Azure / amqpnetlite

AMQP 1.0 .NET Library
Apache License 2.0
401 stars 143 forks source link

NotifyClosed not being called on connection loss detected by HeartBeat because state remains in ConnectionState.CloseSent #460

Closed ldruschk closed 3 years ago

ldruschk commented 3 years ago

I am trying to detect connection losses by using the HeartBeat. To simulate the connection loss during test I use iptables to block all incoming and outgoing traffic on the server. I have configured the HeartBeat using factory.AMQP.IdleTimeout = 5000.

After adding some debug prints in Connection.cs and AmqpObject.cs, I found out that doing this leads to the HeartBeat properly detecting the connection loss and calling closeInternal here: https://github.com/Azure/amqpnetlite/blob/762616b2244433495c09e35d8f0d54cb8415bf70/src/Connection.cs#L883

However, the callback registered using AddClosedCallback is never called.

The source code of closeInternal is here: https://github.com/Azure/amqpnetlite/blob/762616b2244433495c09e35d8f0d54cb8415bf70/src/AmqpObject.cs#L181

I also added a print to OnClose, which returns false because the ConnectionState is CloseSent and not End. However, since the server is "dead", the client will never receive a response and thus remains in the state CloseSent without ever notifying the client application.

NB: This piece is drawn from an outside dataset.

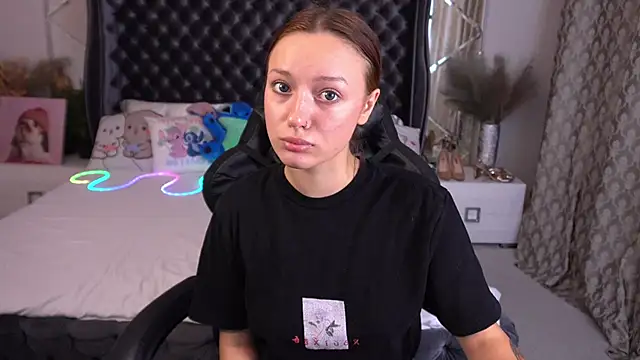 Snapshot of FoxyMayy chatting on September 23, 2025, 1:07 pm FoxyMayy online show from September 23, 2025, 1:07 pm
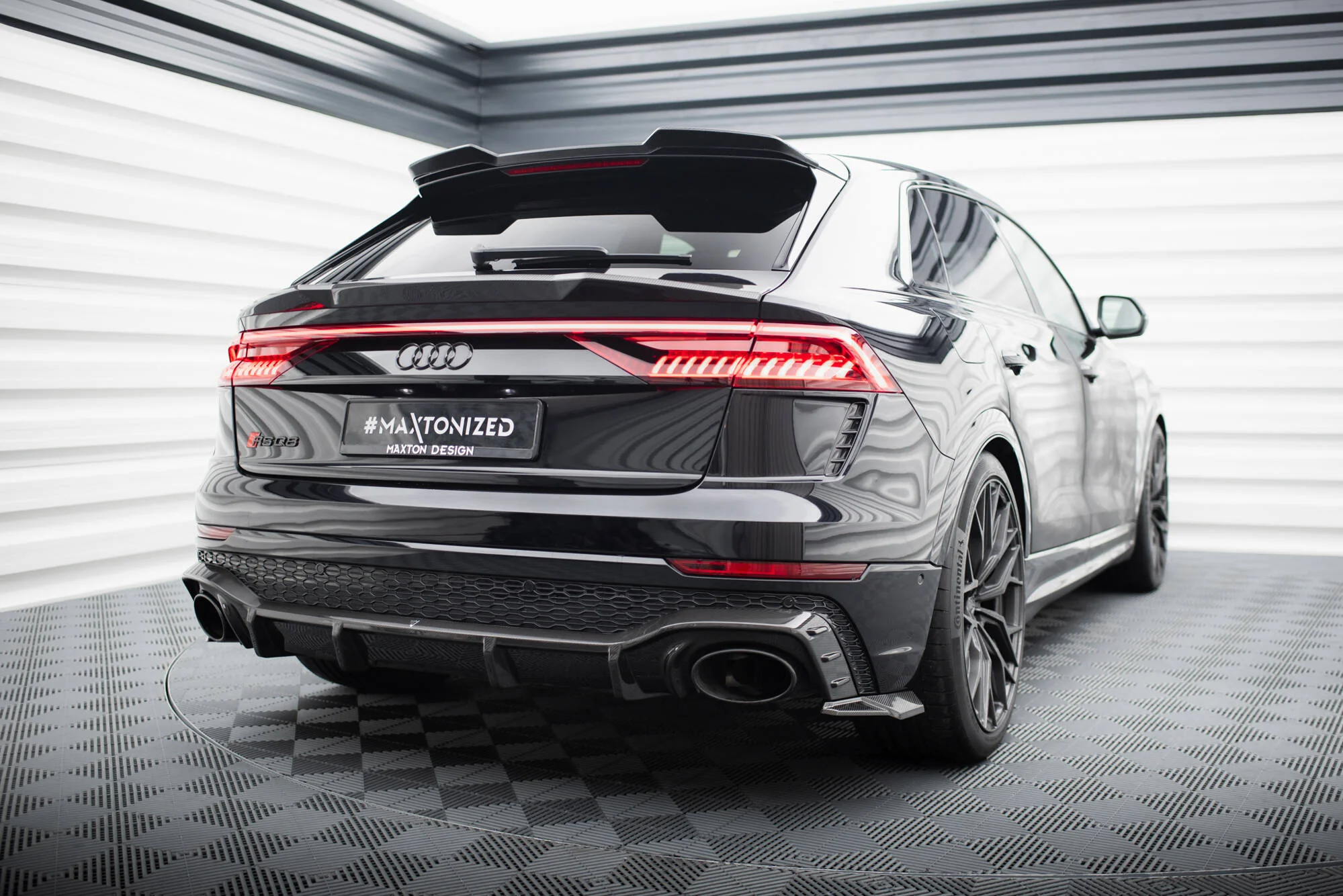 CARBON FIBER TAILGATE SPOILER (UPPER) AUDI RSQ8 MK1 - Image 2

I am not sure if this is intended behavior, since it could be argued that the connection is not considered closed unless both, the client and the server, have sent a close frame. However, this raises the question how a connection breakdown such as this is intended to be noticed and resolved by the client application. As far as I can tell, there is no relevant event/callback which would notify the client application about the state switching to CloseSent, at which point a new connection would need to be established for any future messages anyways regardless of whether the server does acknowledge the close or not.

I would appreaciate any pointers towards the intended way to deal with such scenarios.

xinchen10 commented 3 years ago

In this case, the socket never failed the I/O operation? The assumption is that there will be a response from the remote peer or there will be a I/O exception from the socket. Maybe the connection should have a time limit for waiting for the response and abort everything if it is not received within that time.

ldruschk commented 3 years ago

I ran some more tests and here is what I observed:

The SendAsync function on the SenderLink using the broken connection throws a System.TimeoutException after one minute, however, this does not trigger the OnClosed callback.

The OnClosed-Callback is finally triggered after over 16 minutes:

Exception while receiving message: Amqp.AmqpException: Unable to read data from the transport connection: Connection timed out.

I would assume this is related to the OS-specific TCP-settings, this was tested on the current Arch Linux version without any modifications made to the TCP parameters.

So while the original issue is not 100% correct since the callback is eventually called, I believe something like a time limit on waiting for the response like you suggest would still be a good idea.

xinchen10 commented 3 years ago

Added a 20 seconds timer for waiting for response.